(arrow) branch main updated: GH-47861: [Python] reduce memory usage when using to_pandas() with many extension arrays columns (#47860)

apitrou Tue, 28 Oct 2025 03:03:38 -0700

This is an automated email from the ASF dual-hosted git repository.

apitrou pushed a commit to branch main
in repository https://gitbox.apache.org/repos/asf/arrow.git



The following commit(s) were added to refs/heads/main by this push:
     new 57f6261893 GH-47861: [Python] reduce memory usage when using 
to_pandas() with many extension arrays columns (#47860)
57f6261893 is described below

commit 57f626189326251c8144d4fad89c28220c68ca75
Author: Will Gulian <[email protected]>
AuthorDate: Tue Oct 28 06:03:26 2025 -0400

    GH-47861: [Python] reduce memory usage when using to_pandas() with many 
extension arrays columns (#47860)
    
    ### Rationale for this change
    
    See GH-47861. With this change, the extension array variation takes ~192MB 
of memory instead of 7GB.
    
    From what I can tell, this is because the `PandasOptions` struct is copied 
around frequently (for example it seems like there is an `ExtensionWriter` for 
each extension column and each `ExtensionWriter` has a copy of `PandasOptions` 
which has a set of all extension columns).

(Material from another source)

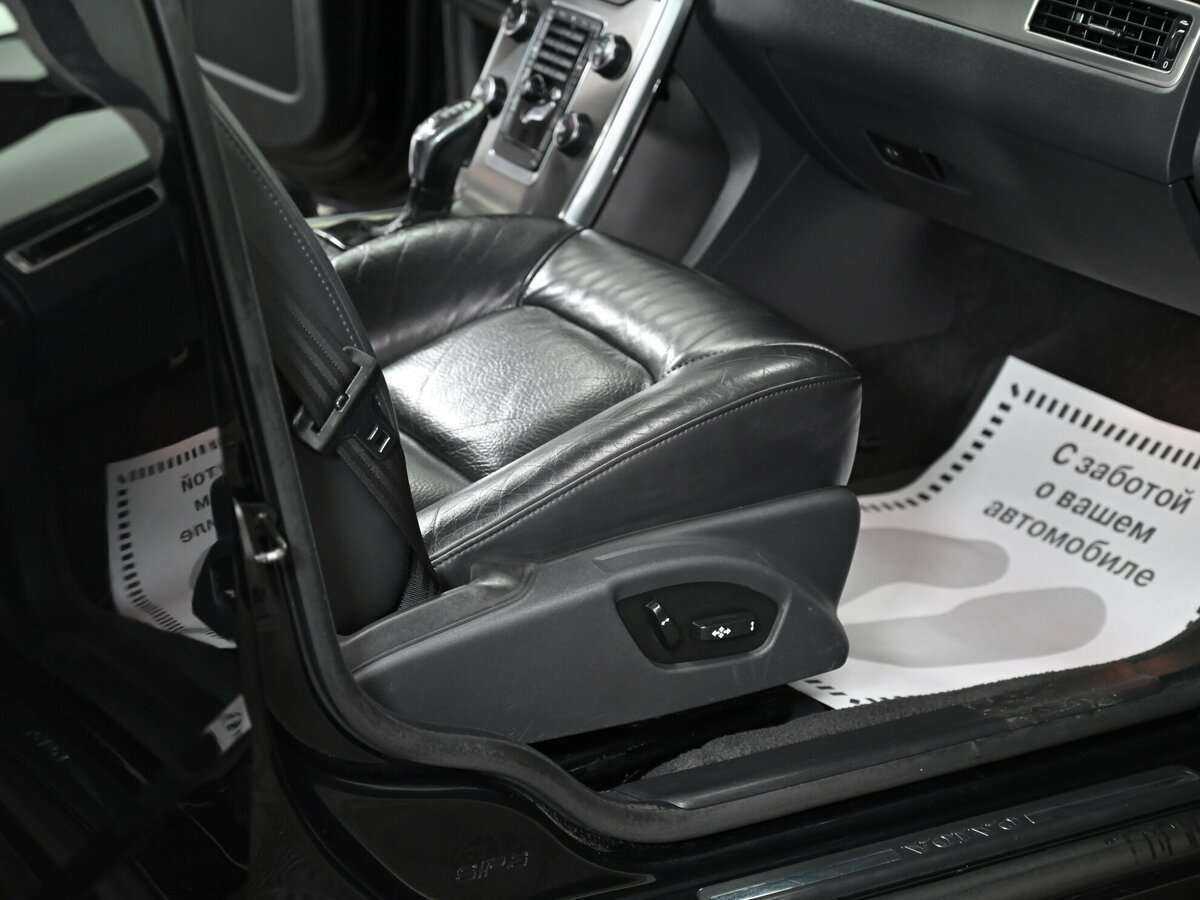 Volvo S80, 2013 Фото №15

I haven't fully traced the 
PandasOptions structure, but it seems to get copied and modified in some 
codepaths so I have decided to put the column sets into a `std::shared_ptr` 
rather than pass around a `shared_ptr [...]
    
    ### What changes are included in this PR?
    
    The `PandasOptions` column sets have been swapped from 
`std::unordered_set<std::string>` to `std::shared_ptr<const 
std::unordered_set<std::string>>` and usages have been updated.
    
    ### Are these changes tested?
    
    Yes, no regression in the pytests. Also tested memory usage by hand.
    
    ### Are there any user-facing changes?
    
    All changes are internal to the pyarrow C++ binding code. There are no 
changes to the exposed Python API.
    
    * GitHub Issue: #47861
    
    Lead-authored-by: Will Gulian <[email protected]>
    Co-authored-by: Will Gulian <[email protected]>
    Co-authored-by: Antoine Pitrou <[email protected]>
    Signed-off-by: Antoine Pitrou <[email protected]>
---
 python/pyarrow/includes/libarrow_python.pxd        |  4 ++--
 python/pyarrow/src/arrow/python/arrow_to_pandas.cc | 12 +++++------
 python/pyarrow/src/arrow/python/arrow_to_pandas.h  | 23 ++++++++++++++++++++--
 python/pyarrow/table.pxi                           |  7 ++++---
 4 files changed, 33 insertions(+), 13 deletions(-)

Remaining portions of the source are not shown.